Bob Harrisson, le petit drummer devenu un grand chanteur de blues

Daniel Touchette, L’Itinéraire, Montréal, le 15 juin 2015

Le Québécois Bob Harrisson, d'abord batteur du groupe de rock Offenbach, est aujourd'hui un bluesman reconnu par le public et par ses pairs. Nous l'avons rencontré au Bistro à Jojo, le célèbre bar de Montréal où il s'est produit régulièrement.

Bob Harrisson a grandi dans les Cantons de l'Est. Son père  et sa mère étaient musiciens, ils animaient des noces un peu partout dans la région. Sa mère était pianiste. Son père jouait plutôt pour le fun, il pratiquait plusieurs instruments sans connaître la musique.

Après les répétitions, les musiciens ramenaient leurs instruments avec eux. Seule la batterie restait chez les parents de Bob, et c'est comme ça que Bob s'est développé une passion pour le drum à l'âge de six ans. Son père a tout de suite vu que son fils avait du potentiel. Dès l'âge de neuf ans, il s'est mis à accompagner le groupe de ses parents.

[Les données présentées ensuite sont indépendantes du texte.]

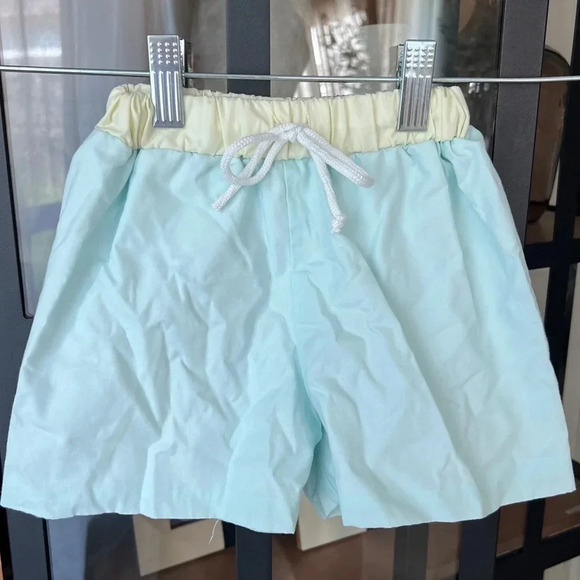 Lullaby Set colorblock swimming trunks shorts pastel toddler boy drawstring 3T - Picture 1 of 4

C'était plus rentable pour son père, car il payait Bob au Seven Up, plutôt que de payer un vrai batteur. Bob a essayé plusieurs styles de musique. Il a d'abord commencé par jouer du western. En Ontario, Bob s'est retrouvé à faire de la batterie avec une foule de grands noms comme Willie Nelson. À dix-huit ans, il est déjà reconnu dans le milieu comme étant le meilleur drummer country. C’était une bonne expérience mais il n'aimait pas vraiment ça. Avec son frère Jacques, il a formé le groupe Dillinger, et a fait notamment la première partie de Rush dans les années 1970. Il a ensuite été le premier batteur d'Offenbach. Après des années de gros shows rock, il a redécouvert le blues.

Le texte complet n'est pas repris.